Pandas can import structured data from a variety of file formats, as listed below.

Some common methods and file formats are:

- **read_csv** - read delimited values from .csv or .tsv files
- **read_html** - read tables from a .html file
- **read_excel** - read .xls, .xlsx Excel spreadsheets
- **read_json** - read JavaScript Object Notation (JSON) from .json files
- **read_sas** - read a dataset created by SAS
- **read_spss** - read a data file created by SPSS
- **read_xml** - .xml - Extensible Markup Language
- **read_sql** - read results of an SQL query
- **read_sql_table** - read a whole SQL table (similar to everything in a table using `read_sql`)

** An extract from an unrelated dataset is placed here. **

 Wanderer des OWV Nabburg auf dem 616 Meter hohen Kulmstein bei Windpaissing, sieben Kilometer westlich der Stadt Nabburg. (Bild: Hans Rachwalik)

These methods only work when the data is in a tabular form. If the data isn’t tabular (e.g. with complex or nested data), the read method will throw an error.


In [None]:
import pandas as pd
# get example data
url = "https://data.cdc.gov/api/views/v6ab-adf5/rows.csv?accessType=DOWNLOAD"
mortality_data = pd.read_csv(url)

### Downloading data to a file
Sometimes it's helpful to retrieve a file from the internet and save to disk before reading into a DataFrame.

Python's `urllib.request` module is helpful for that:

In [None]:
from urllib import request
data_url = "https://data.cdc.gov/api/views/v6ab-adf5/rows.csv?accessType=DOWNLOAD"
request.urlretrieve(data_url, filename='mortality_data.csv')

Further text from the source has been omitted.